Portfolio Manager’s Monthly Update – March 2018
March 14, 2018
Dear Investors,
The Fund value retreated (-.58%) last month after a fine performance in January. The Alerian MLP Index we have long used for performance comparison declined (-9.69%) in February. The Fund is now up +18% net of fees for the year vs.
(-6.5%) for the index. Our long exposure for most of the month was ~110% and our short position, oil price hedges, running about 10%.
Our key position in Texas Pacific Land Trust was stable but did experience some volatility. Their earnings report for the year was outstanding even though they reported a backlog of drilled but uncompleted wells “DUCs” on their lands. Those DUCs are a source of concern for a number of analysts and for some investors with the thinking being that a large number of future completions will flood the oil market and depress prices. Some of those concerns may be justified because many of the DUCs in the Permian will be completed in the next two years and we do expect them to put some pressure on prices in the short term. Many of the DUCs outside the Permian, however, may not be completed anytime soon, as those in the Marcellus face a shortage of infrastructure and a glut of natural gas from existing wells. Many of the DUCs in other fields in the U.S. will need to see sustained prices above $65-70 before spending money for completions. Not so in the Permian where costs are very low especially compared to production volumes.
Any production bump from DUC completions likely will be short lived because though drilling will proceed in the Permian, worldwide spending to replace natural depletion of existing production is woefully inadequate to meet still rising demand for fossil fuels. We do expect some pressure on prices later this year, but by 2020 there is no other way to meet rising energy demand than to drill for oil and gas. If demand continues growing even the much higher production that we expect form the Permian (much higher than industry estimates) will not be enough to keep oil and gas prices from moving to much higher levels.
The continued rise in the demand for fossil fuels is simply a fact, yet most public reports (outside the energy industry) speak of nothing but alternative energy or the future of electric cars. While the use of alternative energy is rising, and may well even be the future for the world, it is hard to see that occurring when we are not really dealing with the here and now. Almost all publically listed alternative energy companies have gone broke and all of the ones that have survived are subsidized by government. Whether those subsidies come from the U.S. or from China makes no difference when we speak in terms of global energy needs or emissions that dirty our air, it is still a subsidy. Future energy must be cheap enough so that people can afford it and subsidies are not the answer.
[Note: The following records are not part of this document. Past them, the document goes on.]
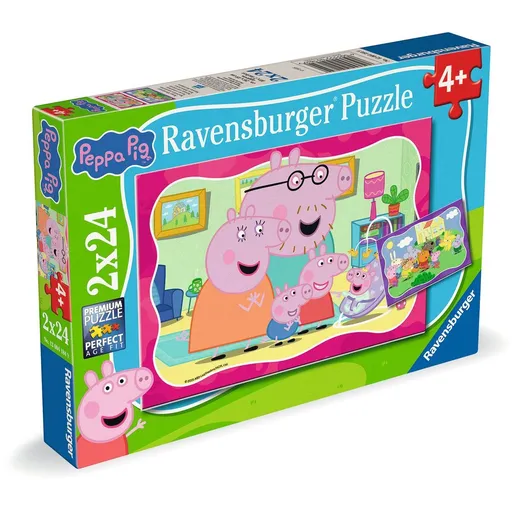 Ravensburger Prasátko Peppa 2x24 dílků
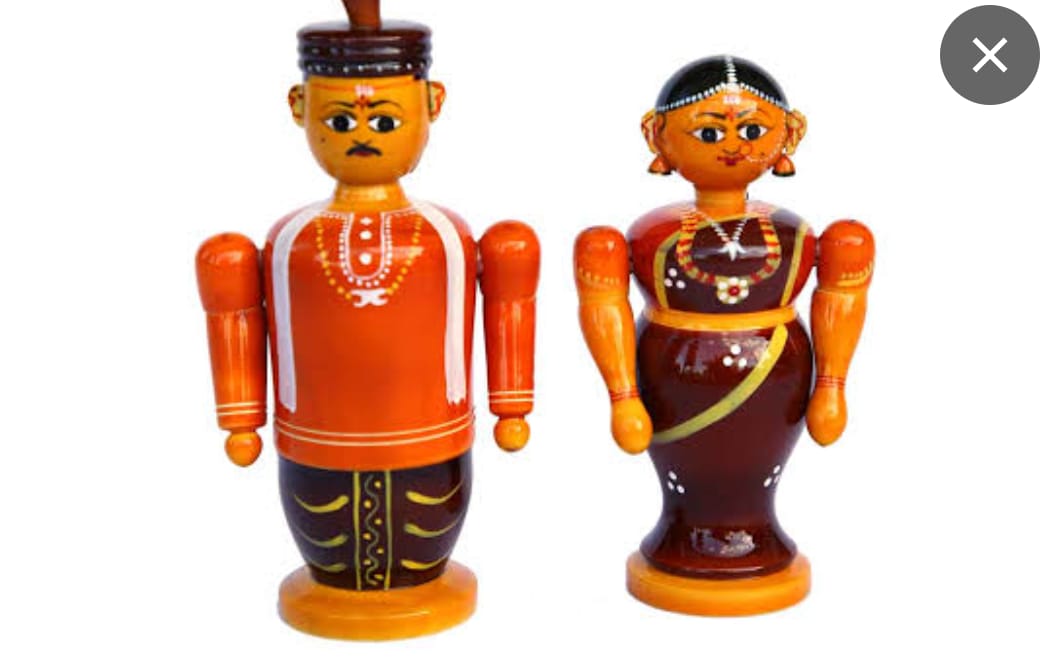 Etikoppaka marriage couple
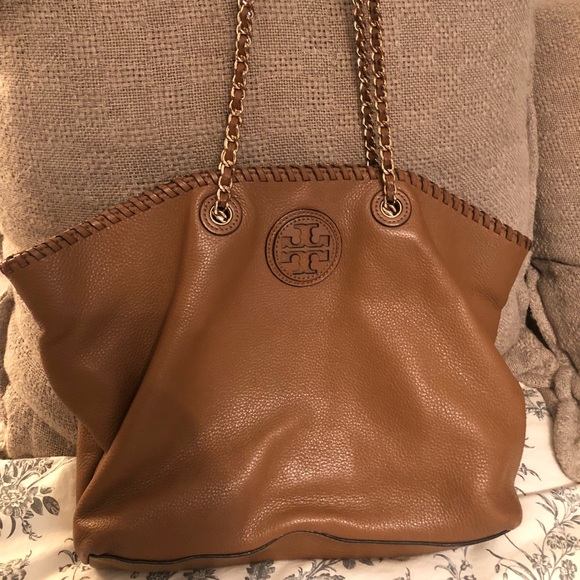 Tory Burch Handbags - Tory Burch soft brown leather shoulder bag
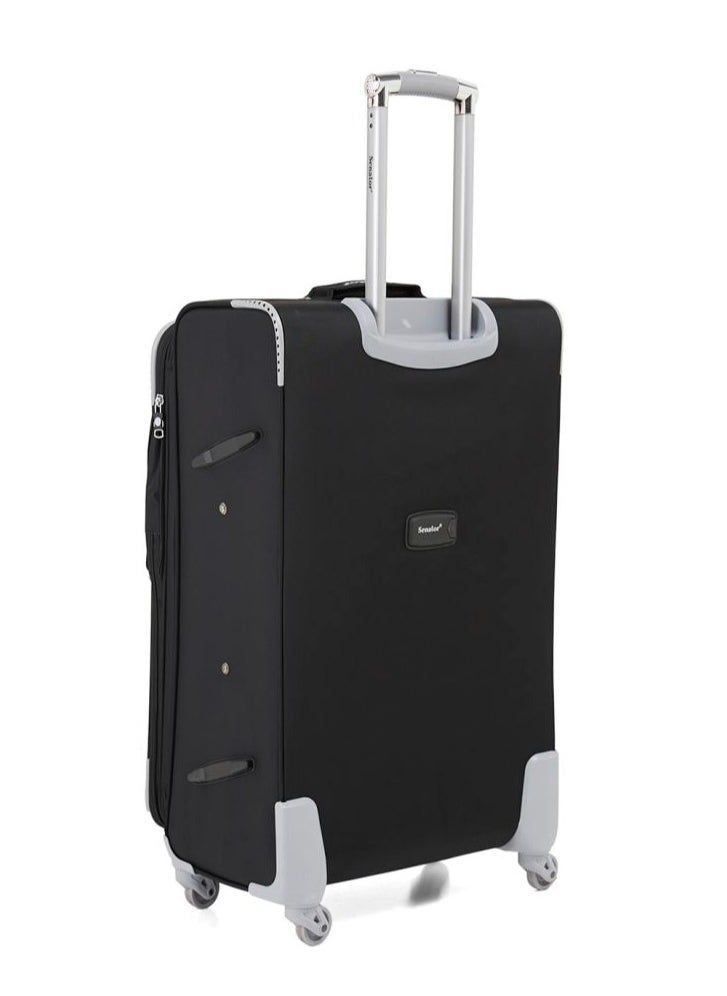 buy-senator-soft-shell-luggage-trolley-for-unisex-ultra-lightweight-expandable-suitcase-with-4-wheels-ll003-black_8or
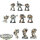 Space Marines - 10x Tactical Marines klassisch - bemalt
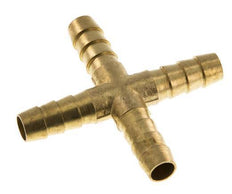 9 mm (3/8'') Brass Cross Hose Connector [2 Pieces]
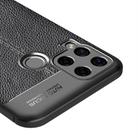 For OPPO Realme C15 Litchi Texture TPU Shockproof Case(Black) - 3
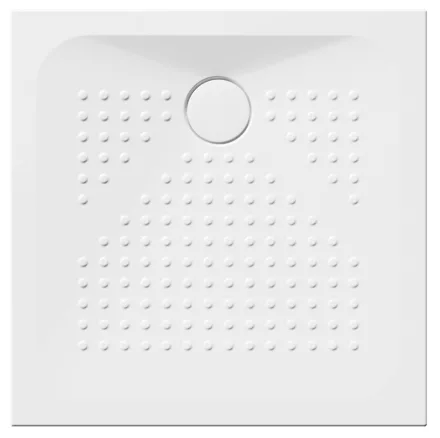 Sapho GSI EXTRA FLAT kerámia zuhanytálca 80x80x4 cm, ExtraGlaze bevonattal, fehér 47080811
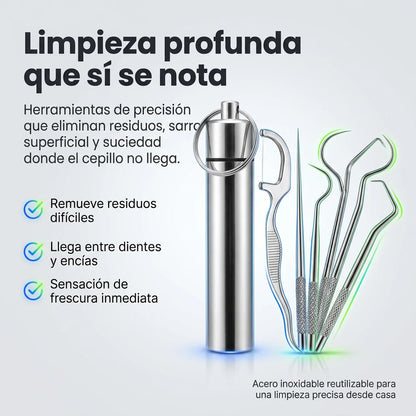 Kit dental acero 2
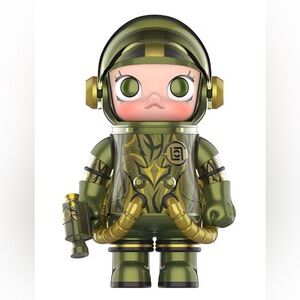 POP MART Mega Space Molly 100% Clot Olive Alienegra 💚💚 NWT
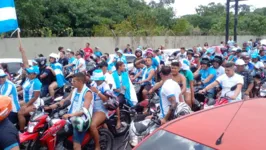 Torcida bicolor faz uma grande festa pelas ruas de Belém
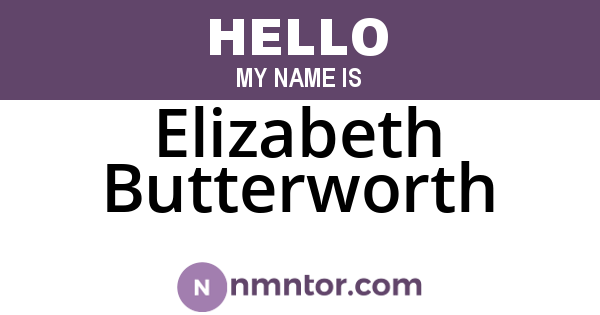 Elizabeth Butterworth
It is time that all governments and people start discussing our future energy needs in those terms. The U.S. Congress is beginning to reduce subsidies to the wind and solar industries and both of those groups are in retreat. What makes sense now for a national energy policy is to encourage the use of natural gas and to push for the faster conversion of coal plants to natural gas. Both fuels are abundant but gas emissions are half that of coal. There is no reason to punish coal, just allow economics and strict emissions standards to do the work. We can no longer afford to allow emotional arguments with no factual basis to impede progress.
The U.S. is becoming an energy powerhouse. We should take full advantage of our well- earned energy leadership and profit while helping the rest of the world reduce energy costs. In the meantime, for the Fund, we will continue to do what we have been doing for years, provide positive returns for our investors. In doing so we try to follow the advice of Will Rogers as he said, “Only buy stocks that go up, if they don’t go up don’t buy them.”